The island hill was heavily wooded at that point, though it appeared more sparse elsewhere, and Marla stayed close to Finch as he went into the trees. They trudged up the steep slope for what seemed to Marla a very long time, especially since it was such a small island. “Are you screwing around with Euclidean norms?” she asked, kicking a low branch out of her way, making it snap under her boot.
“There’s a certain amount of topological crumpling going on, yes,” Finch said. “We don’t want people tripping over the Cornerstone by accident, so the hill is folded in on itself a bit, with the stone tucked away within.”

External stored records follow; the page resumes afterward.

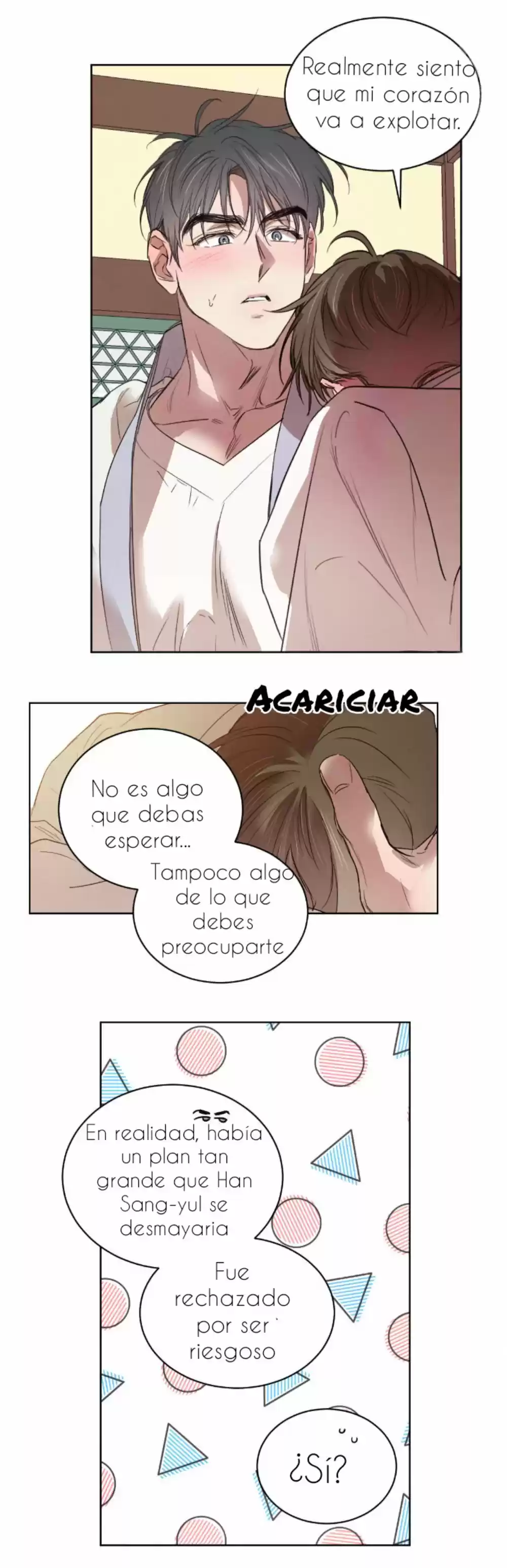 Sauce Romance (2020) - Capítulo 48 - Página 28 - LectorTMOo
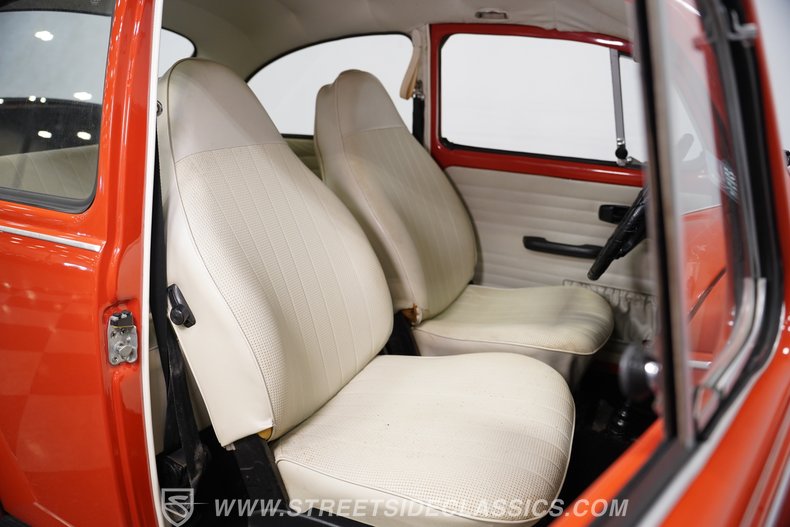 1973 Volkswagen Beetle 48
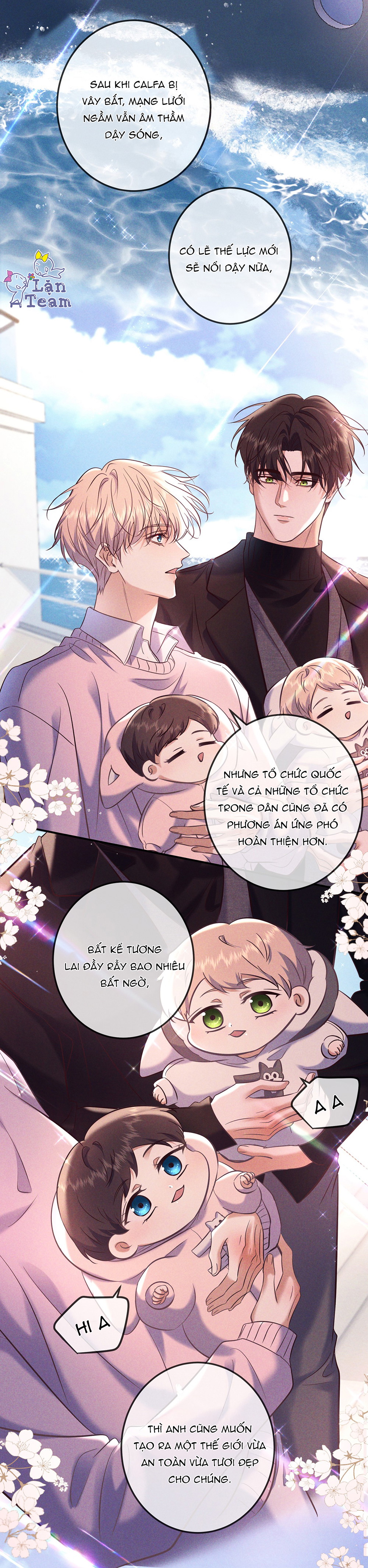 Đêm Cuồng Say Chapter 92 - END - Trang 2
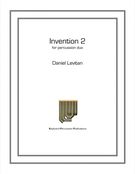 Invention 2 : For Percussion Duo.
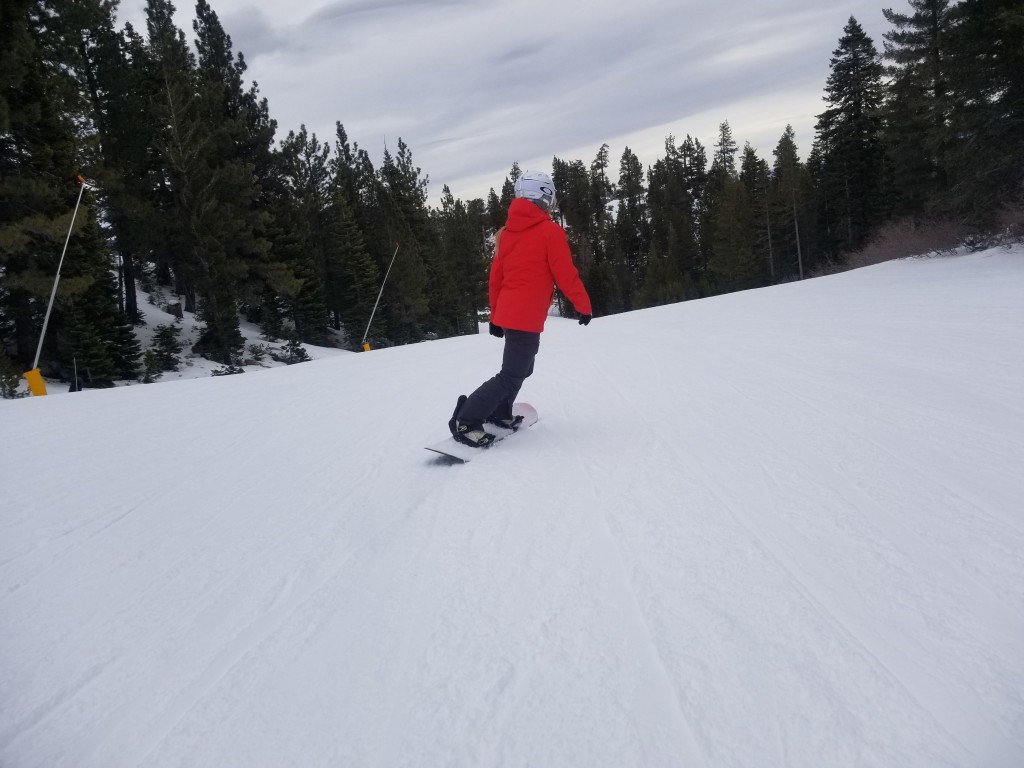 salomon pillow talk for women - the pillow talk is great in powder, but wasn't our favorite for icy...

“This is too much like really being in the woods,” Marla said, gritting her teeth. Every brush of a leaf against the skin of her forearms felt like the skittering of insects, and didn’t they have poison oak out here? She was an urban creature, and her years as chief sorcerer of Felport had intensified that intrinsic sympathy—in a way, she was her city, and she did not feel at home in even so circumscribed a piece of wilderness as this. She glanced behind her, where Rondeau was walking placidly along, hands in his pockets, knees going steadily up and down like he was on a StairMaster or something. Looking past him, Marla saw nothing but blue sky, no skyscrapers. The folded space had obscured any view of buildings. Marla clamped down on her rising panic, annoyed at her own reactions. She hadn’t been in among the trees like this since she was a kid in Indiana, and she was distressed to find herself so discomforted by the experience—it seemed like a dangerous chink in her armor.
“The clearing is just up ahead,” Finch said, puffing a little, and Marla felt a little glee over that, at least—she was in better shape than he was. She walked in her city every day, but she suspected that Finch did most of his business in the same aerie where he fucked the ghosts of his enemies.

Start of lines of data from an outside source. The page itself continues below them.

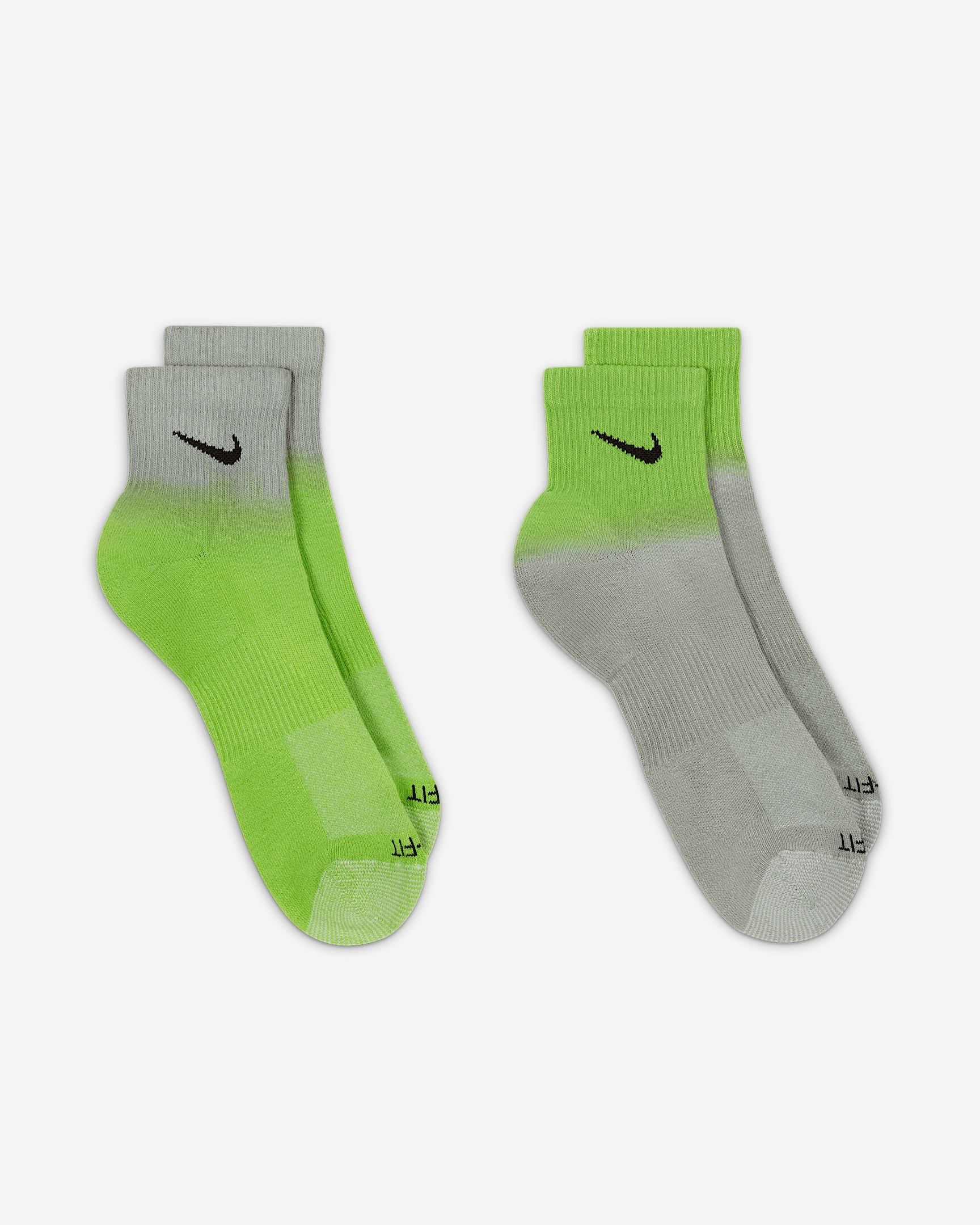 Nike Everyday Plus Cushioned Ankle Socks - 3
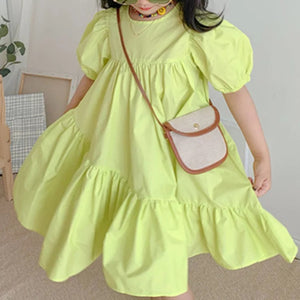 Ivy Neon Dress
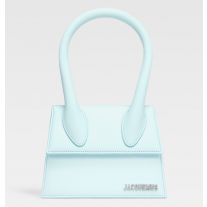 Jacquemus Le Chiquito Moyen Le Chouchou Light Blue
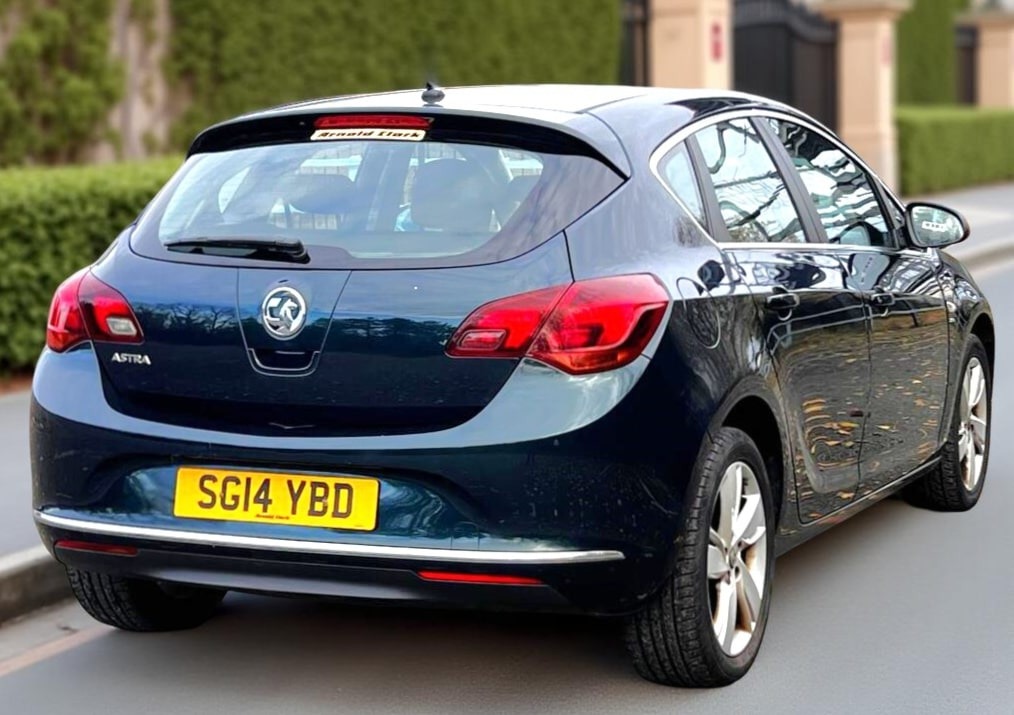 Used Vauxhall Astra 2014 for sale - 76526508: Photo 65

Marla hurried forward, walking beside Finch, and they passed from the trees into the clearing together.
“What the living fuck,” Finch said, and Marla stood speechless, taking in the scene before her with her typical threat-assessment glance, but unsure of what she was seeing, exactly, and certainly unsure of how to proceed.

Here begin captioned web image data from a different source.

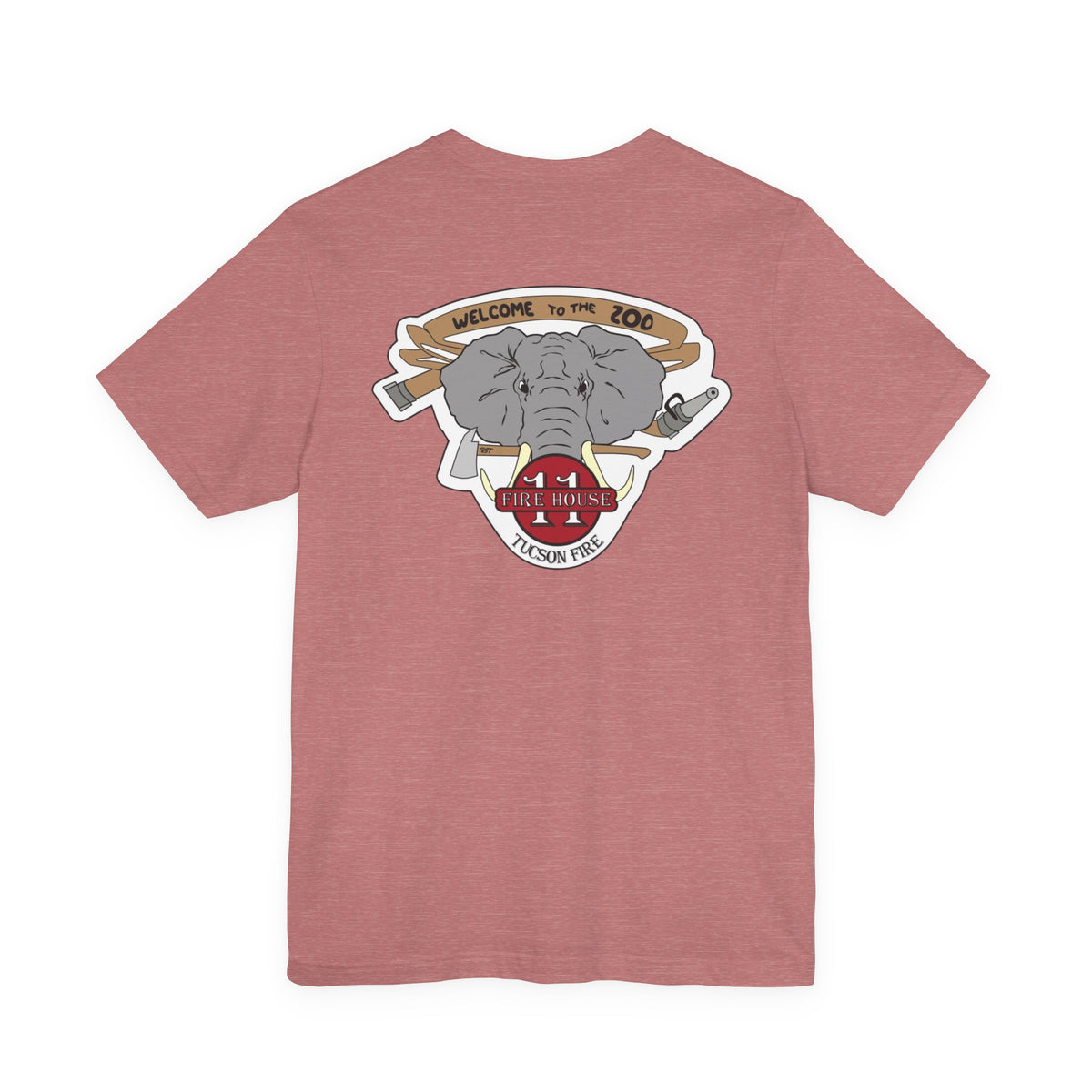 TFD Station 11 Tee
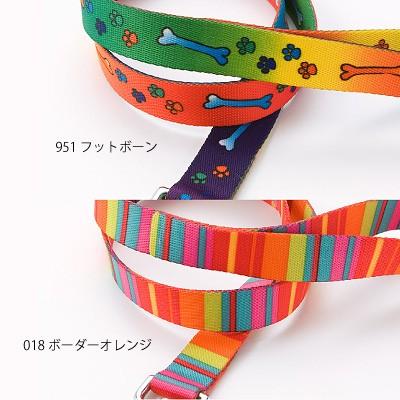 アウトレット 返品交換不可 犬のリード ラロック ソフトタッチリード 大型犬用リード Lサイズ メール便のみ送料無料 |  | 04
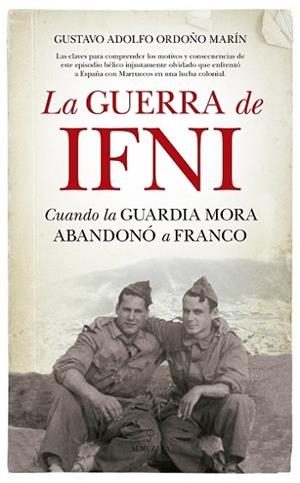 GUERRA DE IFNI, LA | 9788417418052 | ORDOÑO MARÍN, GUSTAVO ADOLFO | Llibres Parcir | Llibreria Parcir | Llibreria online de Manresa | Comprar llibres en català i castellà online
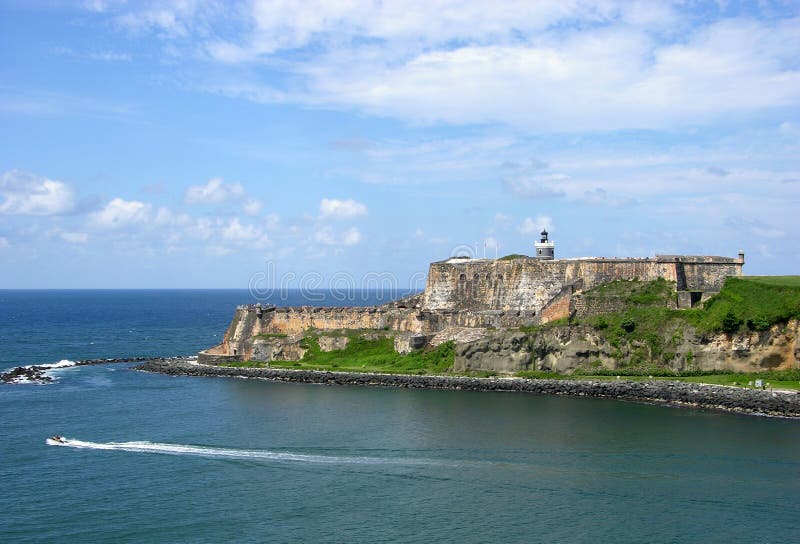 San Juan Fort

First she saw the man, because men and monsters were usually the most dangerous things in any given situation. He was dark-skinned and bare-chested, so thin that his ribs protruded, and he wore brief shorts that appeared to be made of green-and-red snakeskin. Heavy gold bracelets adorned his wrists, and his short cape, tied around his neck and hanging to just above the back of his knees, shimmered, strangely iridescent, like imperfect jewels transformed into cloth; prismatic, organic, and oddly disgusting. He held a large, round wicker basket tucked awkwardly under one arm. Marla sensed a strange power in him—spiritual gravity, heavy madness, something that tickled her well-tuned senses but did not fully reveal itself. Something new in her experience. He did not attack them—did not even look at them. He was looking at the other thing in the clearing. The far more improbable thing.
Marla recognized the Cornerstone instantly, a large chunk of blue-gray rock, easily two feet to a side, cut into a weathered cube, with a magical density so great that it actually warped the light within an inch of its surface, making its smooth faces seem slightly convex. The stone had been ripped from the earth at the center of the clearing, leaving a raw hole of black dirt behind, and soil still clung to the lower two-thirds of the stone.
The Cornerstone hung in the air a few feet above the ground, supported by a profusion of thin silver chains. The upper ends of the chains were attached to hundreds—perhaps thousands—of hummingbirds, individually tiny, but so massed that they formed a shimmering ruby-colored cloud.
“Hummingbirds again,” Rondeau said, and Marla nodded, thinking of the same thing he probably was—the birds that Rondeau had Cursed in the elevator. Cursing was too dangerous here—too many living things, too many trees, too many ways for a sudden, nasty shift in the fabric of creation to backfire and hurt something or someone valuable. They’d found their bird-wizard, though—Mutex, the freak in the shimmering cape, who apparently had designs on the Cornerstone, and was making off with it. Well, fuck that. Marla hadn’t come this far to let some bird-watcher steal her artifact out from under her.
Before she could make a move, however, Finch was roaring. “Mutex!”
The caped man bowed, slightly. “I did not think you would remember my name, sir,” he said. He didn’t sound particularly crazy. “Not when you treated me so badly before. I did not expect to see you today. I had hoped to see you later, when I would have a better use for your blood. I am saddened that your teyolia will be wasted on this hidden ground.”